# Best Neoprene Waders?



## gabe (Dec 21, 2004)

Looking to buy 1,000 gram insulated neoprene waders. Any input would be great. Thanks.


----------



## striped1 (Aug 17, 2005)

cabela's, the "titanium" ones on the back of the waterfowl catalog. I have them. They have the same features as the lacrosse and columbia high end ones just $50.00 less.


----------



## Wld Fowl (May 29, 2006)

Cabelas Waterfowler 1200Ti. I just bought a pair and man they are great. They come with a hand warmer that holds shells and has 4 pockets.

Ryan


----------



## Bandcollector02 (Oct 4, 2005)

During the last week of the season this year my waders sprung a rather large leak. I am really considering trying the Cabela's "Ultimate Waders". They really have talked them up over the last couple of years and that armor flex shell is supposed to be pretty tough. I beleive they come in 1000 gram thinsulate.


----------



## goosegrinder (Mar 4, 2005)

Armor Flex isn't that tough. Yes,tougher than just neoprene but you still need to be careful. I've been wearing them for the last 5 years and really like them,but they're not rip proof with Armor Flex. :wink: 

Alex


----------



## jpm49878 (Oct 29, 2006)

Gander Mountain Guide Series is a good wader. I got a pair for free, and they never let me down.


----------



## usmarine0352 (Nov 26, 2005)

Cabela's has some great waders.....and I've had to return 3 pairs.....no problems at all. They asked if I wanted my money back or a new pair of waders. Can't say no to that.
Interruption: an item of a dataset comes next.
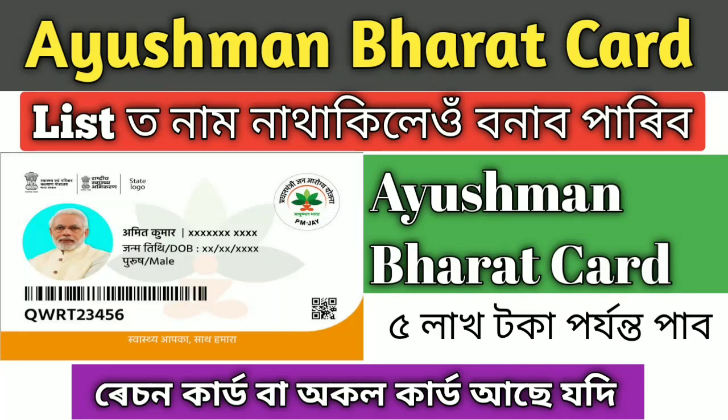Hello friends, my name is Nuzrul and this is the technical channel. I will show you about the national Ayushman card.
I owned the Cabela's 3 pairs of Cabelas Waders:

1.) Ultimate Waders

2.) Supermag (now being discontinued from Cabelas.)

3.) TI Titanium Waders.

What I have to say about the Cabelas's waders is this:

1.) Ultimate's - Nice, but not warm enough, and no shell loops or handwarmers.

2.) Supermag's - Best Cabela's Wader's I've had, but no handwarmers.

3.) TI Titanum - Best EQUIPPED Waders.....almost perfect. Detatchable handwarmer, shell loops, D clips. But definitely not Warm enough. The Titanium Interior doesn't do much if you ask me.

IF I am correct, Cabela's wader's are made by Hodgeman/Lacrosse and this company also makes waders for Columbia. The Armor Flex and other names for it are all good. Plain o'l neoprene can get holed pretty easily.

I bought a pair of Columbia Quad 1600 Waders and added an Avery Handwarmer to the front. Perfect. Basically it's a warmer Cabela's TI Titanium Wader. Very happy, used them one season. (They also make them in sizes down to 6, I think.)

Good luck.

:sniper:


----------



## Bandcollector02 (Oct 4, 2005)

I've had a pair of Gander Mountain Guide Series for about 5 years now. I do have to say they have been good waders. They are 5 mm with 600 gram thinsulate and have the velcro straps which I think is the only way to go. No problems until the last weekend of duck hunting this year when the left boot cracked and sprung a rather large leak. I'm definately going to try a pair of Cabela's waders next. Either the Ultamite or Titanium series.


----------



## usmarine0352 (Nov 26, 2005)

I've never liked velcro, b/c my Cabela's Ultimate waders had a velcro and after one year the velcor "died" or whatever they call it and wouldn't stick together anymore.

When I brought them back, the guy said that it happens.

I do like how my Columbia Quad waders have velcro AND buckles. That way when I undue my snaps, the shoulder straps still swing down and stay connected.

:sniper:


----------